Large Language Models produce text responses to prompts, one token at a time. They have a "next token probability predictor", which predicts the probabilities of candidates for the next token, and a "sampler", which is a random number generator that chooses the next token from the candidates, weighted by their probability. It's amazing that this system can produce sensible text responses to prompts, but it often does. But sometimes, it gives clearly wrong answers, and these are known as Hallucinations. Many experts consider the Hallucination Problem as fundamentally unsolvable, since it is an inherent property of the Large Language Model architecture.
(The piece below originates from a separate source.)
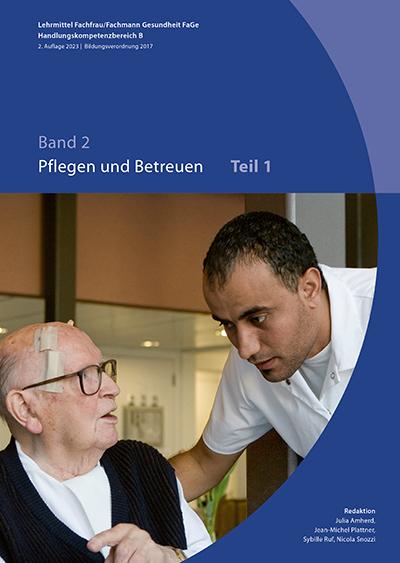 FAGE (2017) 2Pflegen und Betreuen 2te Aufl. 2023 (BiVo 17)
At Neocortix, we've invented a Hallucination Detector by extending the architecture of the Large Language Model, to give it a confidence measure for the next token chosen by the sampler. We have found that regions of low confidence are correlated with Hallucinations, so this confidence measure can be used to build a Hallucination Detector. In the demonstration above, you can see that the Large Language Model is hallucinating book titles that were never written by Lloyd Watts, and the Hallucination Detector is marking them successfully with light blue highlight, to indicate the hallucinating passages.

This Hallucination Detector by Neocortix is an essential technology for detecting, monitoring, and eliminating hallucinations in Large Language Models, and it can be further improved by combining it with the output of the Deep Attribution Network by Neocortix.